[Stored dataset items]
_____

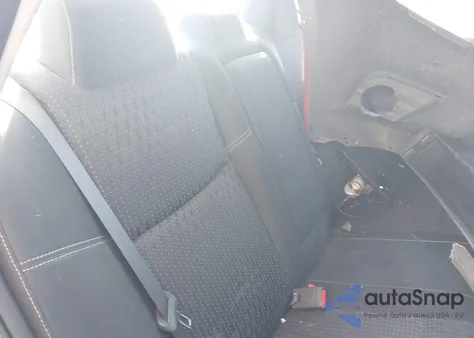 2016 Nissan Altima 2.5 S из США, поврежденный, VIN 1N4AL3AP6GC274049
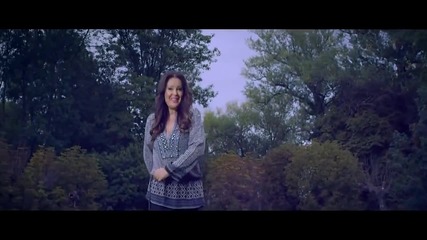 Hanka Paldum feat. Dragana Mirkovic - Kad nas vide zagrljene - (official Video)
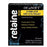 OCuSOFT Retaine - Eye Lubricant 0.01 oz. Eye Drops - 01571891730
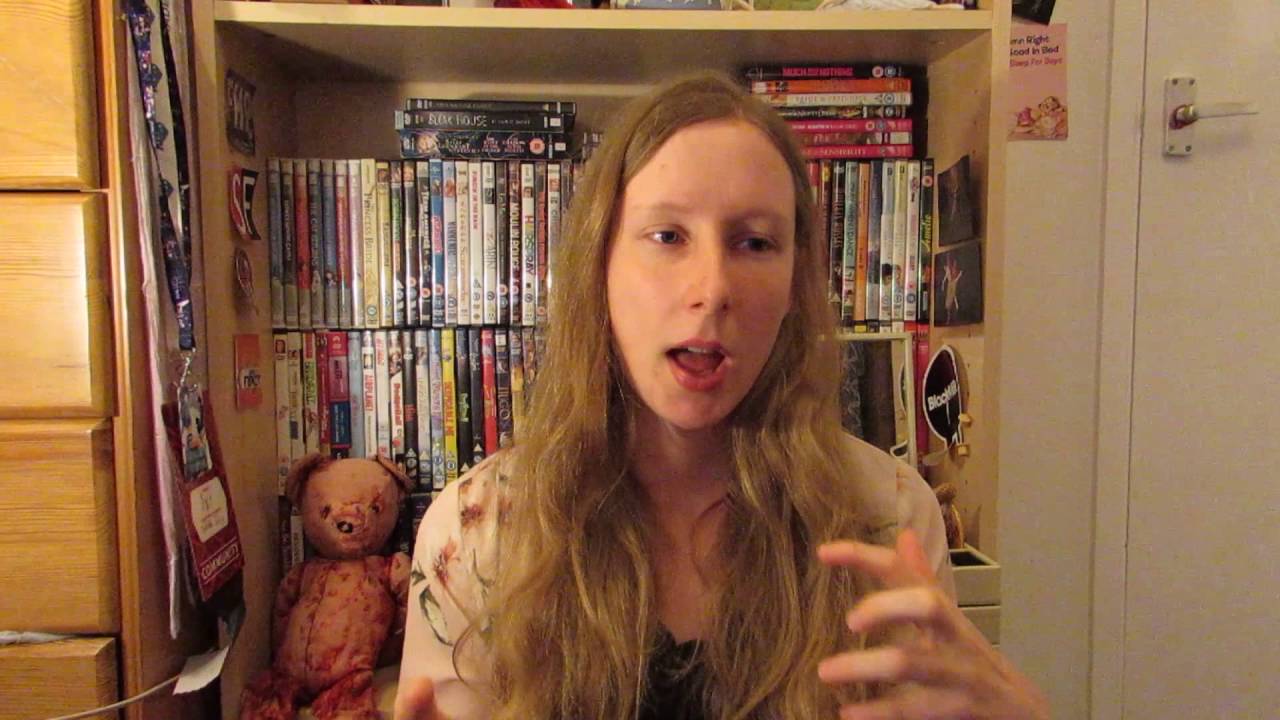 Dirty Dancing 2: Havana Nights Review/Thoughts... = )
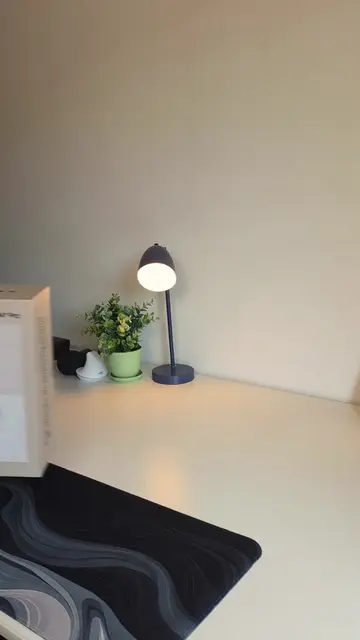 It’s work from home weekend ASMR again 🔉🖥️ #Tech #asmr #newtech #monitor #work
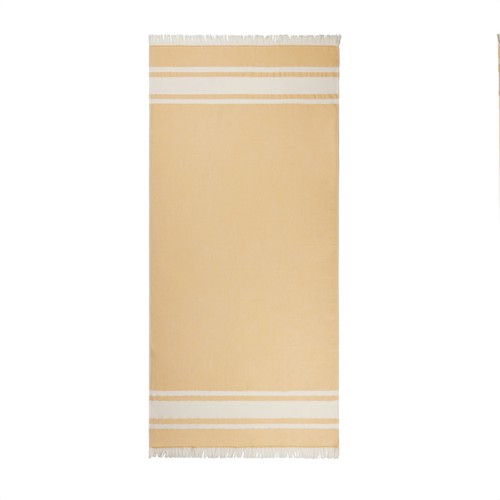 Toalla de rizo VINGA Tolo hammam Toalla de rizo VINGA Tolo hammam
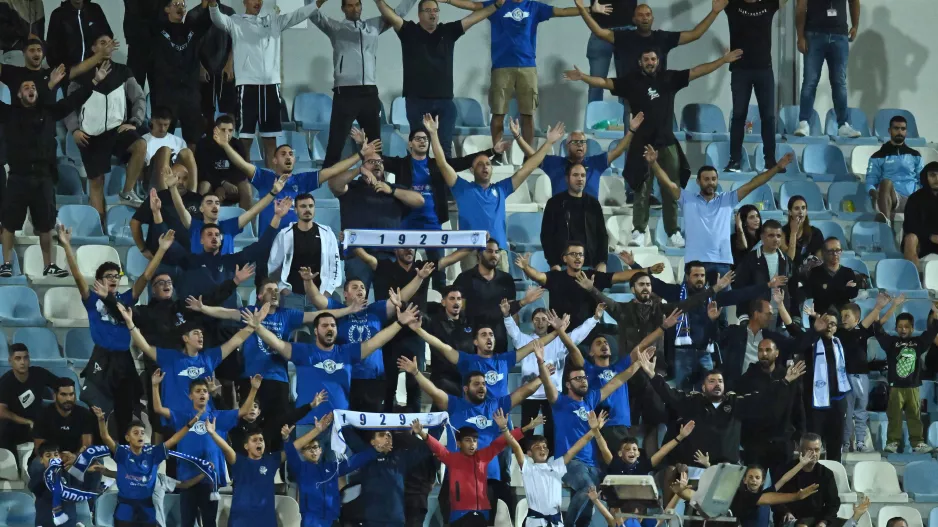Αέρα... περιστέρια!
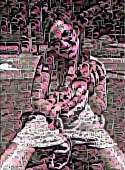 890x1208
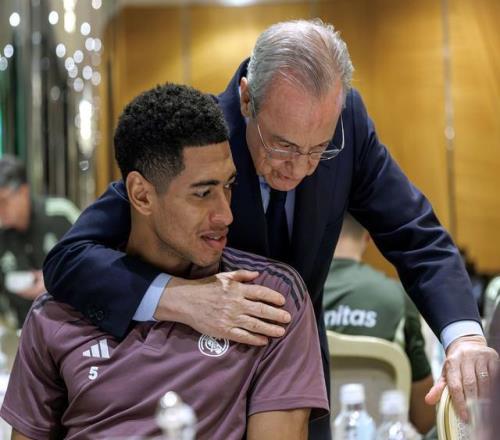 尼科拒絕巴,黎高薪,巴薩力邀加,宝盈,宝盈APP,宝盈官方,宝盈登录,宝盈入口,宝盈登录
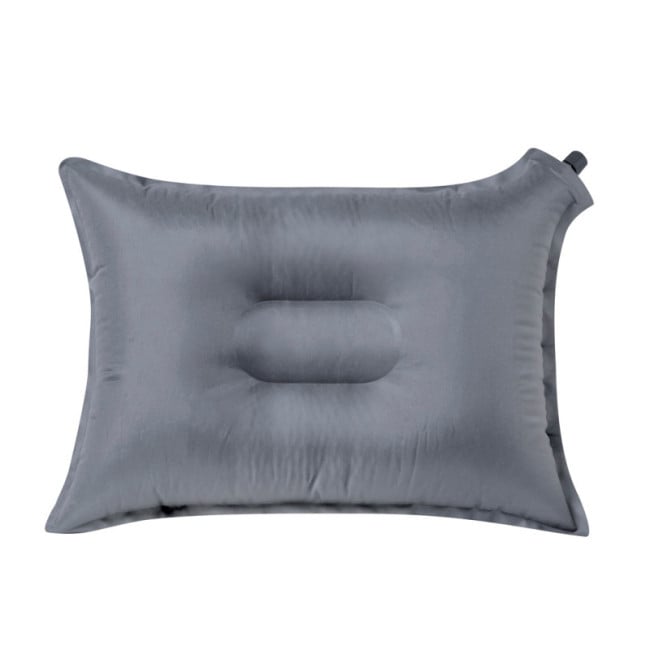 Coussin personnalisable Balum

_____

_WORK INSTRUCTION_
Write out the records above exactly as they stand, leaving out every picture.

_COMPLETED EXERCISE_
 2016 Nissan Altima 2.5 S из США, поврежденный, VIN 1N4AL3AP6GC274049
 Hanka Paldum feat. Dragana Mirkovic - Kad nas vide zagrljene - (official Video)
 OCuSOFT Retaine - Eye Lubricant 0.01 oz. Eye Drops - 01571891730
 Dirty Dancing 2: Havana Nights Review/Thoughts... = )
 It’s work from home weekend ASMR again 🔉🖥️ #Tech #asmr #newtech #monitor #work
 Toalla de rizo VINGA Tolo hammam Toalla de rizo VINGA Tolo hammam
Αέρα... περιστέρια!
 890x1208
 尼科拒絕巴,黎高薪,巴薩力邀加,宝盈,宝盈APP,宝盈官方,宝盈登录,宝盈入口,宝盈登录
 Coussin personnalisable Balum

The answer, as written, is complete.